Specify the type of validation to be implemented by selecting the validation type from the drop-down list.

    Accepted values: MINIMUM REQUEST SIZE / MAXIMUM REQUEST SIZE / MINIMUM HEADER COUNT / MAXIMUM HEADER COUNT / MINIMUM BODY LENGTH / MAXIMUM BODY LENGTH / MINIMUM HEADER LENGTH / MAXIMUM HEADER VALUE LENGTH

    Default: Blank

Accepted Values:

  • Minimum Request Size - Specify the minimum size of the request.
  • Maximum Request Size - Specify the maximum size of the request.
  • Minimum Header Count - Specify the minimum header count of the request.
  • Maximum Header Count - Specify the maximum header count of the request.
  • Minimum Body Length - Specify the minimum body length of the request.
  • Maximum Body length - Specify the maximum body length of the request.
  • Maximum Header length - Specify the maximum header length of the request.
  • Maximum Header Value length - Specify the maximum header value length of the request.
Field Validation
  • Field Name - Specify the name of the form field which you want the form validation rule to validate.
    Accepted values: String

    Default: Blank
  • Field Validation - Select the type of the form field which you want the form validation rule to validate.
    Accepted values: FIELD_TYPE / MIN_VALUE / MAX_VALUE / MIN_FILE_SIZE / MAX_FILE_SIZE / FILE_EXTENSION / MIN_LENGTH / MAX_LENGTH / PATTERN_EXISTS

    Default: Select
  • Validation Parameter - Select the value of the form field which you want the form validation rule to validate.
    Accepted values: String

    Default: Blank
Accepted Values:
  • Field Type - Users can specify the field type selection in the adjacent drop-down select the required field type (Integer, String, Email, etc).
  • Min Value - Users can specify the minimum value accepted by that field.
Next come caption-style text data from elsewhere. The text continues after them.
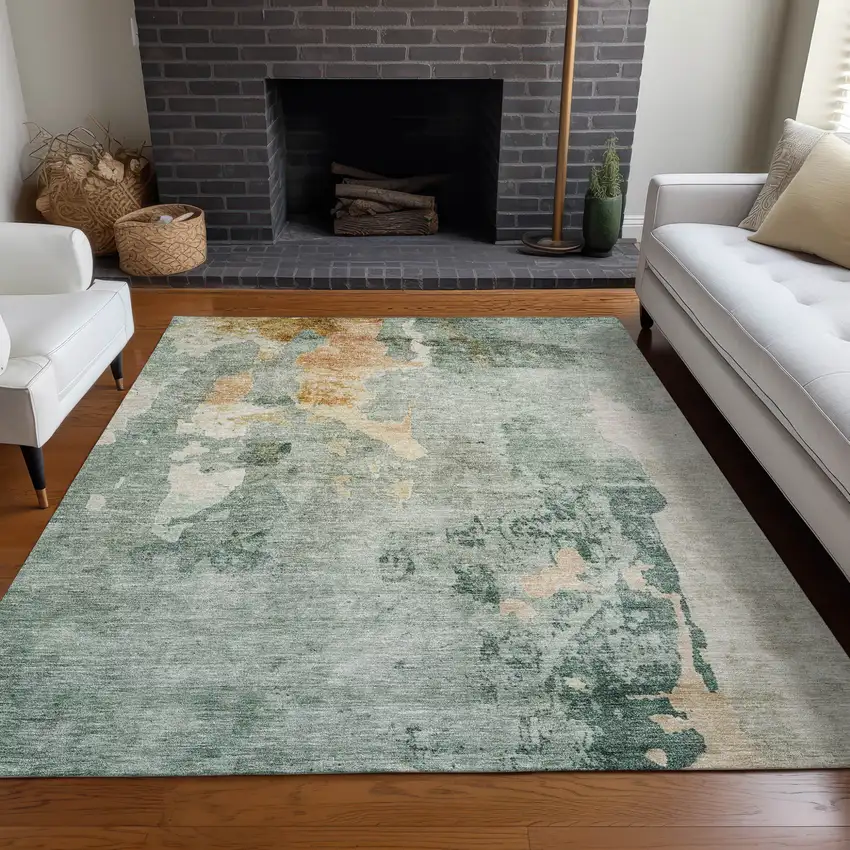 Blue Copper And Gray Abstract Washable Indoor Outdoor Area Rug Photo 9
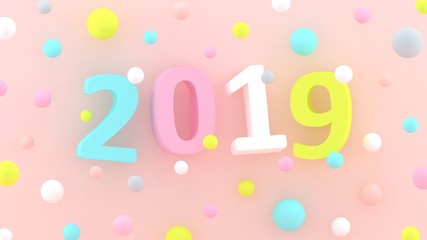 2019 New Year wallpaper. 3d background. Abstract shapes 3d. Year of Earth Pig. Winter holiday. Happy New Year. Minimalism. Trendy modern illustration. Render. Holiday concept. Poster. Pastel colors.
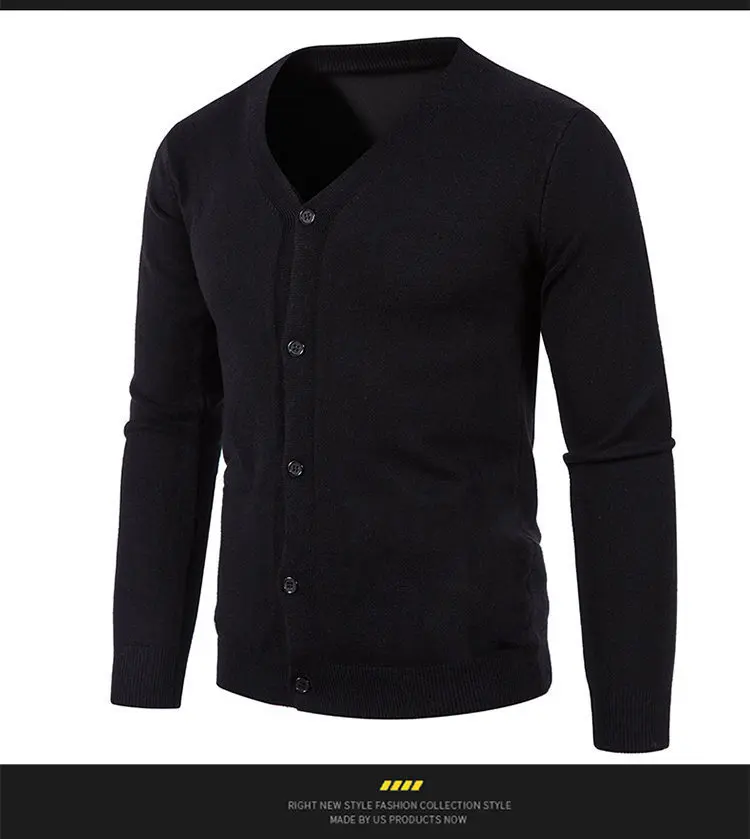 Description Picture 6 of itemNew Men's Solid Color V-neck Slim Fit Cardigan Sweater for Spring 2024 in Foreign Trade, Youth Fashion Casual Jacket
On Selecting Field Type in the adjacent drop-down enter the minimum value of the form field.
  • Max Value - Users can specify the maximum value accepted by that form field. On Selecting Field Type in the adjacent drop-down enter the maximum value of the form field.
  • Min File Size - Users can specify the minimum file size accepted by that form field. On Selecting Field Type in the adjacent drop-down enter the minimum file size for the form field.
  • Max File Size - Users can specify the maximum file size accepted by that form field. On Selecting Field Type in the adjacent drop-down enter the maximum file size for the form field.
  • Allowed File Extension - Users can specify the file extension which will be allowed with a request which could be restricted. On Selecting Field Type in the adjacent drop-down enter the file extensions allowed for the form field.
  • Min Length - Users can specify the minimum length of the value accepted by that form field. On Selecting Field Type in the adjacent drop-down enter the minimum length of the value of the form field.
  • Max Length - Users can specify the maximum length of the value accepted by that form field. On Selecting Field Type in the adjacent drop-down enter the maximum length of the value of the form field.